Tout opposé est le rapport au temps des revues: leur fonctionnement est très lent, et souvent les comptes rendus d'ouvrages surviennnent trois ans après publication. Ainsi leur efficacité est nulle: ou l'on découvre l'existence de l'ouvrage quand il est introuvable, ou on l'a déjà lu et le compte rendu ne sert qu'à reproduire un processus obsolète de reconnaissance d'un chercheur par ses pairs. Par ailleurs, la faible diffusion des revues savantes les incite à publier des articles synthétiques, débarrassés de tous types de sources, suivis de comptes rendus trop brefs pour compléter la synthèse de l'ouvrage commenté d'une critique scientifique. Enfin, la faible culture technique des éditeurs comme des imprimeurs interdit quasiment toute publication de document graphique, en couleur comme en noir et blanc.
La publication de documents visuels est aussi considérablement simplifiée et peut s'accompagner d'extraits sonores ou vidéo, que le support papier ne pouvait accueillir. Gardons néanmoins à l'esprit les limites propres à Internet: si le format de page peut être fixé (en pdf), la diversité des écrans rend difficile un étalonnage des couleurs (instabilité d'une charte graphique). Mais une autre possibilité apparaît, notamment dans le domaine de la cartographie: on peut, outre la publication de quelques cartes synthétiques et bien commentées, laisser au lecteur le soin d'en réaliser autant qu'il veut, en fonction de ses centres d'intérêt. Ces atlas dynamiques sont à la carte ce qu'un interrogateur textuel est au texte. (ex: barthes.ens.fr/atlasclio, barthes.ens.fr/carto/era face à barthes.ens.fr/atelier/actuel/France-oct-99.gif et à barthes.ens.fr/atelier/actuel/Monde-oct-99.gif);
Ce déplacement de la matérialité du papier au disque dur, et du camion au réseau, favorise aussi un autre mode de publication des revues, où les articles ne sont pas contraints par des délais ou par une masse critique de pages pour paraître. Et les corrections comme les mises à jour sont considérablement simplifiées.
De notre expérience ressort le fait que l'interactivité entre les auteurs et leur lectorat est faible, même quand elle est favorisée par l'incitation à correspondre par mail. Mais, dans une logique de recherche, cela peut suffire car le serveur crée alors, comme l'explique Philippe Rygiel, un effet «aimant»: d'autres chercheurs, français ou étrangers, se proposent de collaborer avec l'équipe et les relations nouées sont souvent très fructueuses.
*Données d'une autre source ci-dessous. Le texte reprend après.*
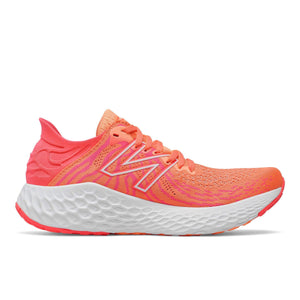 New Balance 1080 V11 Women's Running Shoes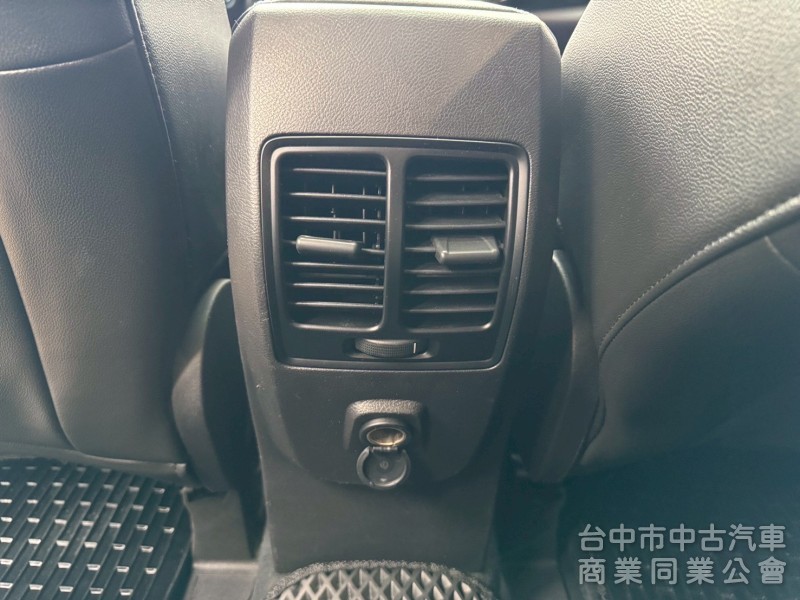 原鈑件、新價格！很便宜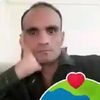user455521285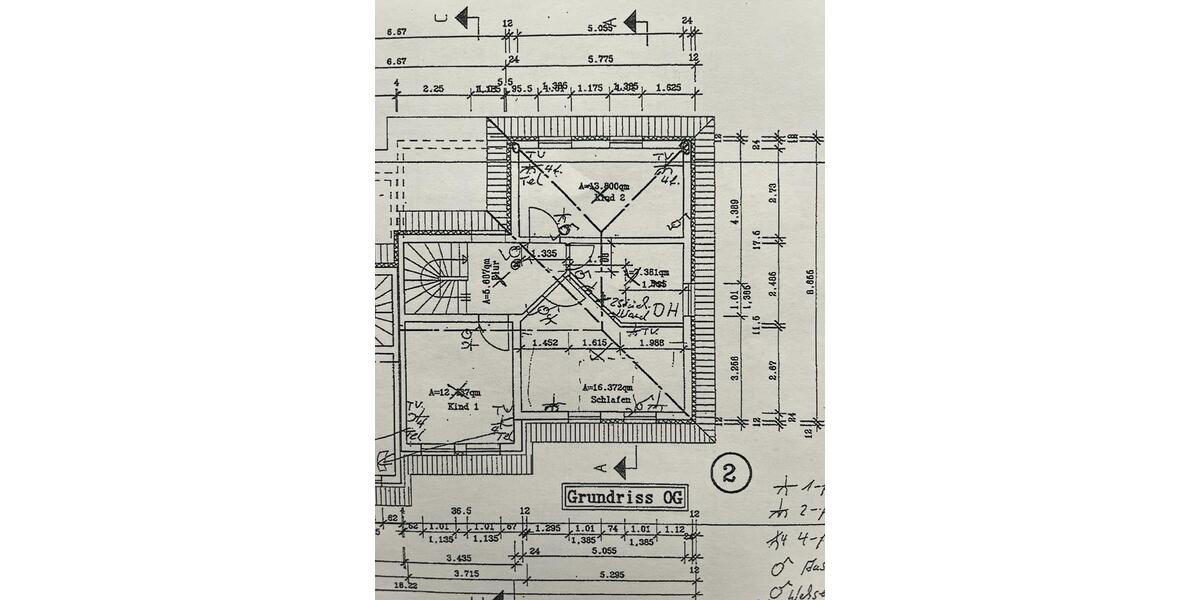Doppelhaushälfte Wolfsburg Alt-Wolfsburg - 4 Zimmer, 124 m&sup2;, 431.000&euro; | Angebot:24386472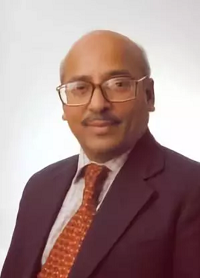 2D1CFC0CD88CFFE61CE997C1816_F2858FD3_1129E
En revanche, les pratiques du lectorat sont archivées (dans les access_log) et l'auteur comme l'éditeur peuvent en tirer de riches informations: mode de navigation, mode d'accès à une page donnée (via un indexeur, la page de garde, ou direct -forme d'abonnement), etc. Ces pratiques définissent des profils au sens où leur agrégation donne du sens. En effet, on ne dispose pas de l'identité du lecteur, mais de celle d'une machine; pire, ce repérage n'est pas bi-univoque si l'on n'installe pas des cookies ou si celles-ci sont refusées (ex. des modems des providers).
Cette mesure des pratiques du lectorat peut conduire à de premières inquiétudes éditoriales: l'innovation n'est pas valorisée: nous l'avons vérifié à nos dépens en mesurant le très faible succès de notre atlas de l'immigration (barthes.ens.fr/atlasclio, 60 accès par mois à ses débuts, il y a un an, 800 aujourd'hui sur un total de 25000); l'insertion de copies d'archives, sources essentielles pour l'historien, est elle aussi boudée (barthes.ens.fr/clio/illusref/a.gif, jusqu'à g.gif).
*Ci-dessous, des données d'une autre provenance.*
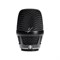 NEUMANN KK 205 BK - микрофонный капсюль, цвет чёрный - фото 25480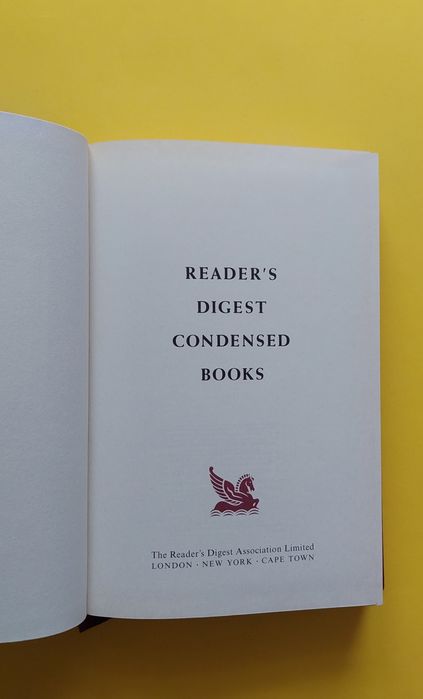Książka po angielsku 4 opowiadania John Grisham, Mary Lide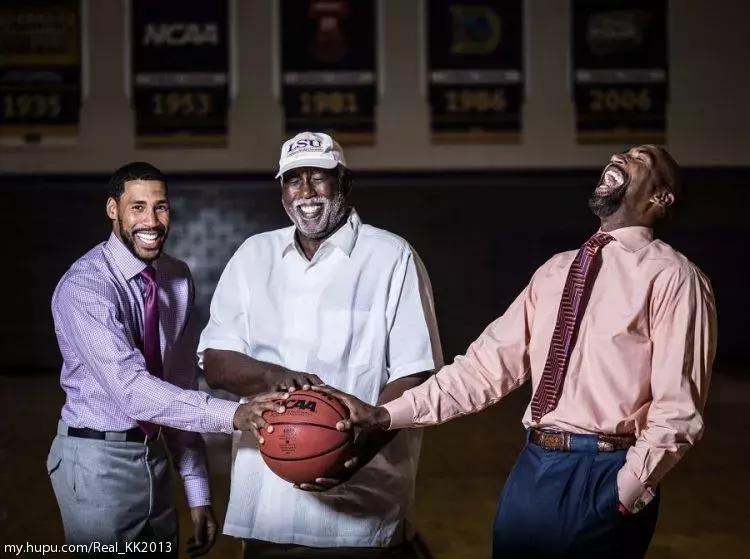 nba有亲戚关系的球员,nba真的有兄弟吗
Elle peut aussi mener à favoriser la publication de textes brefs, puisque les textes de plus de 5 pages semblent ne pas être lus. De telles analyses sont en fait erronées: les pages non-lues sont souvent des pages non-vues. En effet, on oublie fréquemment que la moitié du lectorat est constituée de machines pures (sans humains derrière les claviers): dans une première estimation qui ne mesure pas l'incidence des caches, les indexeurs (moteurs de recherche) sont responsables de la moitié des accès à notre site barthes.ens.fr.
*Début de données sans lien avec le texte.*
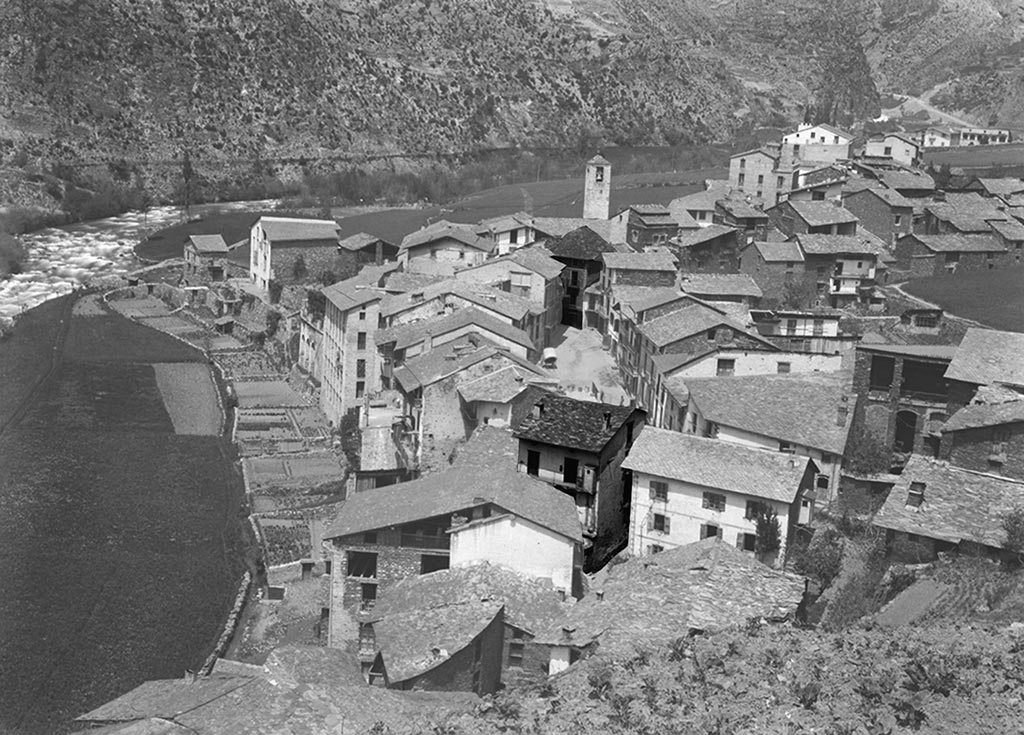 PecaMes Octubre20 04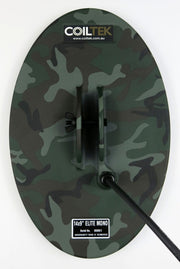 Coiltek 14x9" Elite Mono Coil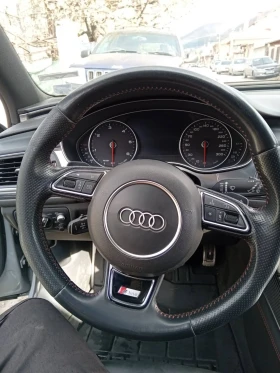 Audi A6 | Mobile.bg � ����� ������ 14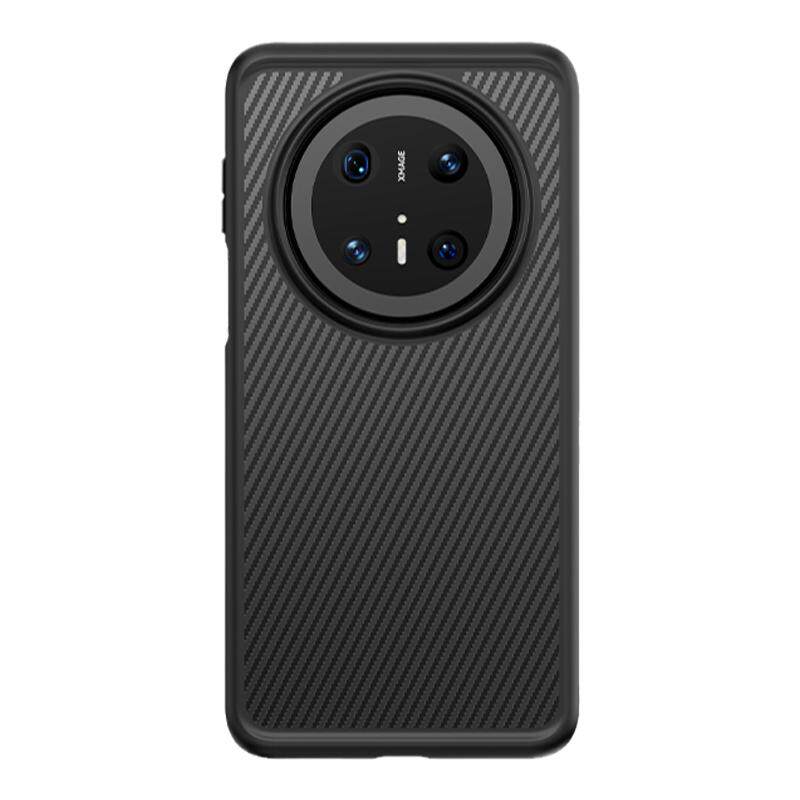 VOKAMO华为mate70pro手机壳磁吸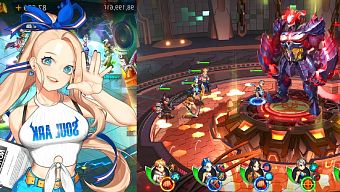 rpg, game nhập vai, game ios, game android, game hàn quốc, rpg mobile, game hàn, game hàn quốc 2018, rpg 2018, rpg mobile 2018, game nhập vai 2018, soul ark: brave and fate, tải game soul ark: brave and fate, tải soul ark: brave and fate, download soul ark: brave and fate, download game soul ark: brave and fate, game nhập vai mobile 2018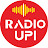 Radio UPI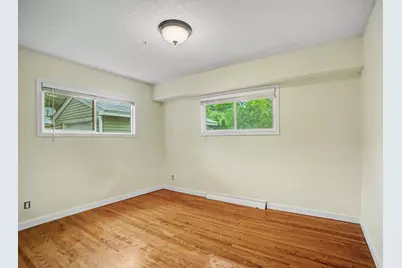 3674 McKnight Road N, White Bear Lake, MN 55110 - Photo 20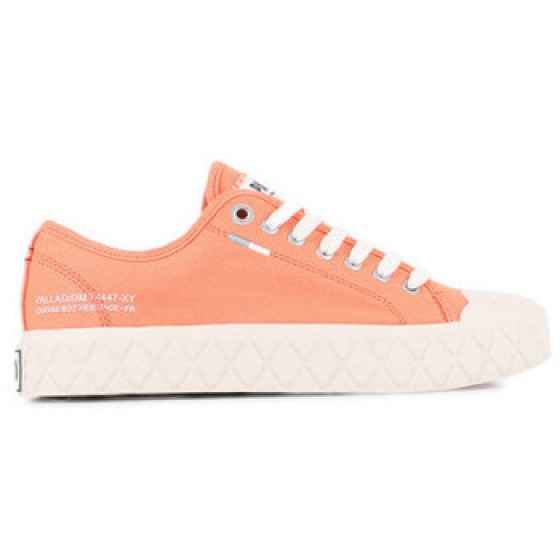 SneakersPalladiumBasketsPallaAceCvsOrg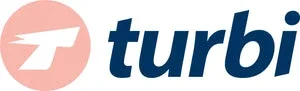 Turbi Promo Codes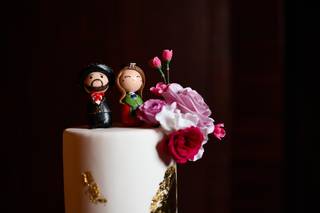 Jennifer Mary Events - 27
Ici nous touchons à un phénomène essentiel dans la promotion-réception de pages Internet. Il existe en effet deux méthodes pour faire connaître un serveur; l'une concentre toutes les modalités techniques du bouche à oreille: envois de mails collectifs, participation à des listes de discussion (ou gestion de ces listes) etc. L'autre renvoie à un lecteur autonome, qui interroge des indexeurs pour obtenir une information précise. Cela suppose que le serveur soit régulièrement référencé (après trois mois, les indexeurs «oublient» de revenir) et que les pages soient construites d'une façon qui corresponde à l'algorithme de l'indexeur: en effet, la majorité des moteurs de recherche n'effectuent leur indexation que sur l'équivalent de la première demi-page d'un document, mots clés (keywords) inclus. Ce qui signifie que 95% des mots d'un texte de 10 pages ne seront jamais indexés.
Nous visualisons là clairement une nouvelle pratique éditoriale, qui consiste à définir des mots-clés pertinents, à demander aux auteurs de rédiger un résumé de leur texte, et à spécifier régulièrement aux indexeurs les pages, anciennes comme nouvelles, d'un site donné, voire... à payer pour que les pages du site apparaissent en bonne position dans la liste des réponses proposées. (+ erreur à ne pas commettre: pages dynamiques non référençables, cf. O. Jacob, rechercher «Charles Goldfinger est consultant international en stratégies», sur un indexeur quelconque... www.odilejacob.fr/index.asp). Cette démarche est essentielle pour se faire connaître des lecteurs.
Je concluerai en insistant sur le poids des traditions socio-économiques, dans l'espace de l'édition comme dans l'espace académique pour expliquer le besoin des chercheurs dynamiques de maîtriser les techniques contemporaines: dans un monde paralysé, Internet est un refuge technique particulièrement attrayant pour les chercheurs qui prennent très vite conscience des pratiques d'exclusion des propriétaires de l'écrit. Ce faisant, les premiers nourrissent la recherche et se créent des niches de compétence, puisqu'ils doivent acquérir une compétence technique tout en complétant leur culture traditionnelle en sciences humaines. Mais je ne doute pas non plus de la capacité des éditeurs (publishers) à reconstituer une alliance avec les «editors», anciens ou modernes, pour reconquérir, de façon encore plus monopolistique, le territoire des revues savantes.